2. Has your 3PL offered clear and mutually agreed upon key performance metrics?

Your 3PL should report line-item detail of costs, quality and performance weekly to the key performance indicators (KPIs) you develop together. This brings a needed focus on what matters and impacts the operation. These will create an "accountability recipe" -- a methodology or approach that makes clear how the 3PL and client measure results.

3PLs, In 25 Words Or Less

A third-party logistics provider (3PL) manages one or more logistics processes or operations (such as transportation or warehousing) for another company.

3. Does your 3PL plan for cost-out and continuous improvement initiatives?

3PLs can provide cost savings that businesses can't achieve on their own, while still maintaining a high level of service. 3PLs keep a close eye on the inter-relationship of costs and services. An effective 3PL won't view this as a one-time event or a once-a-year focus. 3PLs should be constantly striving to identify potential cost savings in a client's supply chain -- not waiting for the client to say what projects to work on.

4. Does your 3PL focus on a true partnership to support your core mission?
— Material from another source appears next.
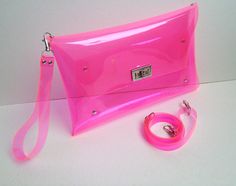 Classic Transparent Clear Clutch with strap for by 9September Chic Pink Bag With Wrist Strap, Pink Rectangular Bag With Wrist Strap, Trendy Bag With Wrist Strap For Gift, Trendy Bags With Wrist Strap For Gift, Trendy Bags With Wrist Strap As Gift, Pink Bag With Wrist Strap For Daily Use, Trendy Adjustable Clutch Bag, Trendy Adjustable Bag For Party, Cos Bags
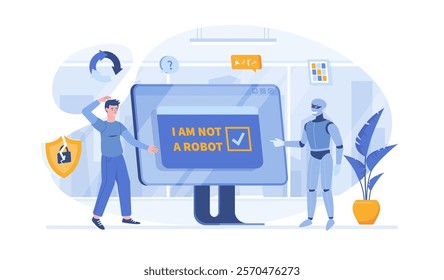 Bypass Captcha, Anti Captcha, Solving service, AI. Robot clicking on captcha - I am not a robot. Vector illustration with characters in flat design for web banner.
As businesses work to expand their markets and increase their customer bases, a strategic partnership with a 3PL that understands their business cycles is an invaluable asset. One of the reasons that 3PLs can act as strategic partners is that they bring the benefits of scope and scale to the table. By leveraging their scope, 3PLs are able to act as a highly specialized extension of the company's own team, focusing on solutions that will drive down costs, increase efficiencies and help identify opportunities for future development. Most 3PLs make significant investments in their core capabilities to develop the people, processes, technology and infrastructure to support the array of services they offer. Combining these capabilities with their business acumen and significant industry expertise allows 3PLs to provide clients with scalable solutions that support their distribution requirements.